When a copy of the book arrived from the publisher Pavilion I was pleasantly surprised, it’s pink and it’s hardback and it felt really special to unwrap it. The delicate hue represents a light-hearted approach to the subject while the substantial weightiness reflects a conscious intent to inform; a subliminal message that will be lost on those buying the ebook.
Key chapters take you through various rooms in a house starting in the hall and ending in the spare room, an utterly sensible way to organise a book about the home.
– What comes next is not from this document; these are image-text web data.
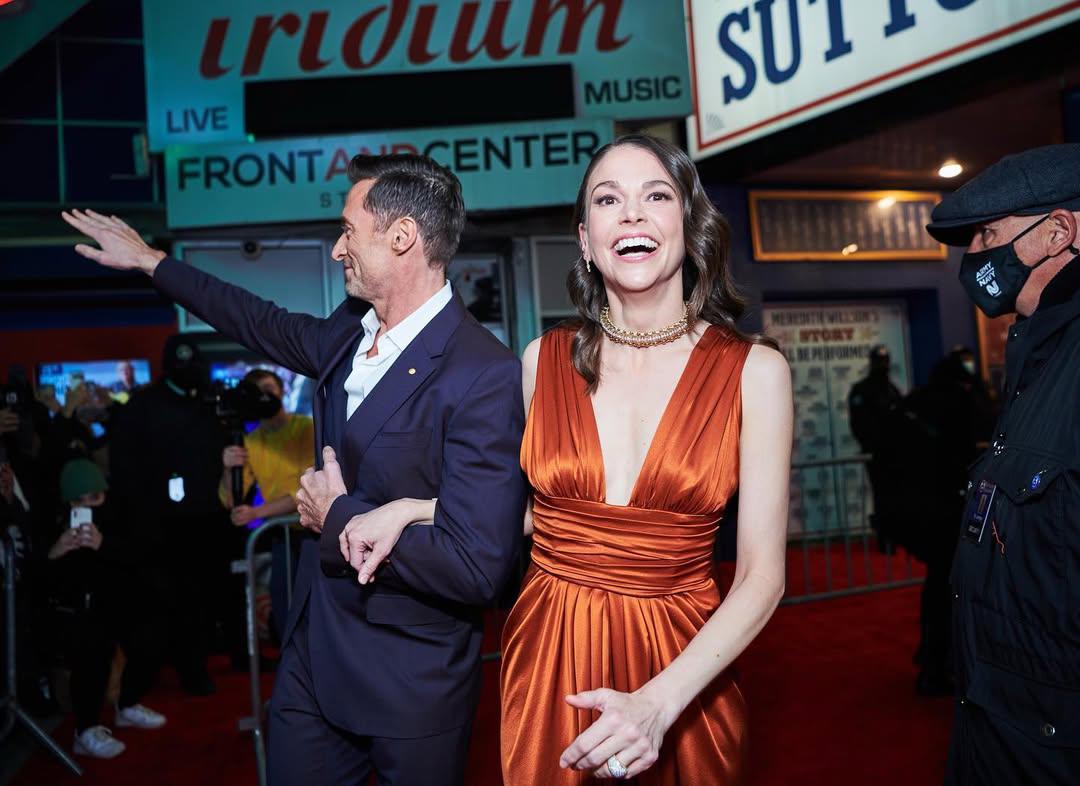 Supuestos planes de boda de Hugh Jackman y Sutton Foster se enfrían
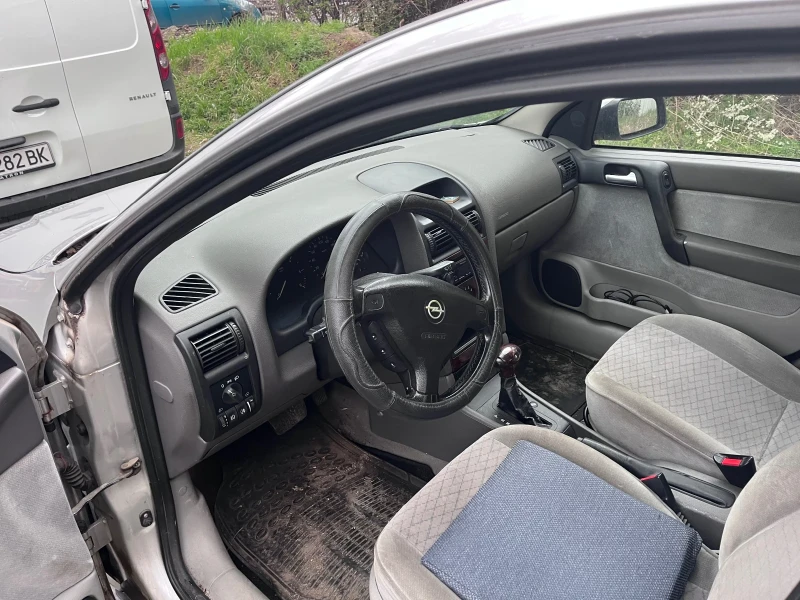 Opel Astra, снимка 5 - Автомобили и джипове - 49607997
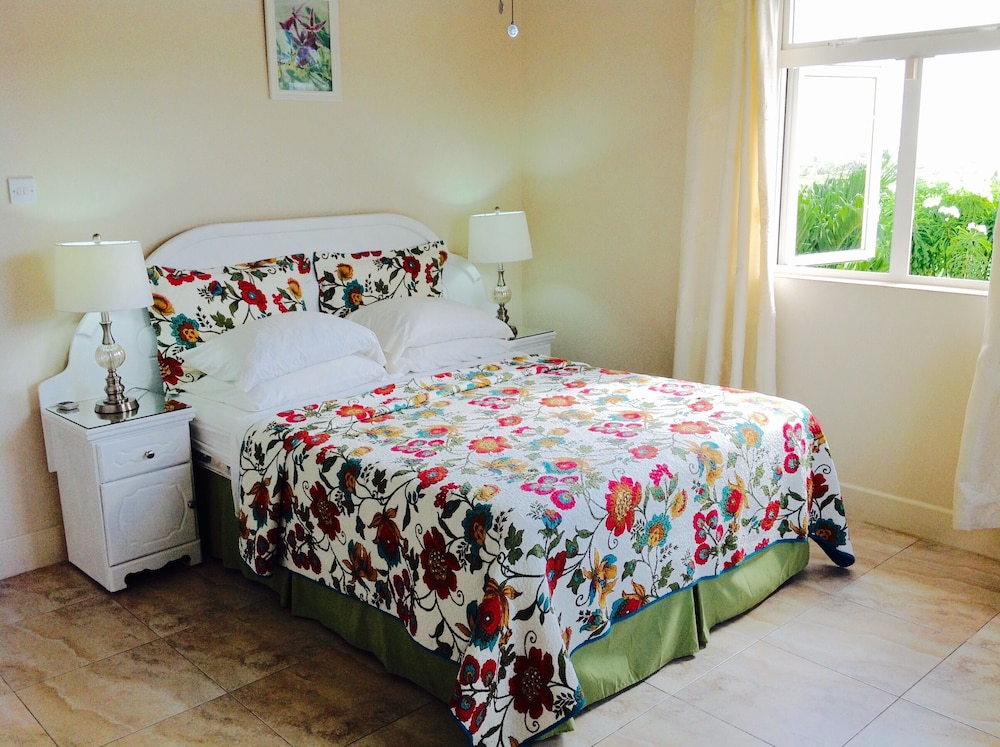 Villa photo 3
Prior to taking the reader on the ‘upstairs-downstairs’ tour Kate offers a few introductory sections; style, Pinterest, colour. I have to disagree with Kate’s theory in the style section which is that if people examine their wardrobe the colour palette for their home is staring them in the face. This concept might work for some but it certainly doesn’t and wouldn’t work for any of my clients. For single people who wear a variety of colours it might be a starting point but for couples and multi-generation families who represent most of my clientele it’s just not a feasible way to establish style, the wardrobe is probably the last place I’d look for inspiration. The section covering Pinterest and its capability to swallow up time is well worth reading. The colour section is problematical: I worry that if we use technical terms incorrectly we stoke misunderstanding when our aim is to boost knowledge. Words such as monochrome, shade and tone are often used in the text without making it clear exactly is meant and could be misleading for the reader. Monochrome for instance could mean black and white and all shades of grey in between but it can also mean all tints and shades of any single colour, for instance green, red or purple because monochrome literally means one colour. And a ‘shade’ is a darkened hue (or colour), whereas a tint is a lightened one. A mini glossary would sort this out and be a useful resource. The addition of an image of the colour wheel would also be helpful as this colour tool is referred to more than once and it shouldn’t be taken for granted that readers know what it is.
The sensible cover price makes this an ideal gift for anyone interested in decorating and perfect for people who are about to move into a new home.
The author’s joshing style is entertaining and knocks the sniffiness out of interior design. Kate makes it an accessible subject and relevant to everybody and that’s what I admire most about her writing.
Photographs and illustrations intersperse the text sufficiently well to ease the reader through the text and makes turning the pages a pleasure. But this, in contrast to many interior design books, is not image heavy, you wouldn’t buy it for the pictures. It really is a book to read and take inspiration from and like a good ‘how-to’ tutorial anyone and everyone can learn from this book. There are some gems of inspiration and I picked up an idea which I’ll use for myself, it’s a good one – the tidy drawer. Browse the pages before embarking on any new home decor project.
Watson-Smyth K, (2018) Mad about the house: How to decorate your home with style. Pavilion. London. Hardback £20.00. ISBN: 9781911595427. My thanks to the publisher for sending me a copy of this book.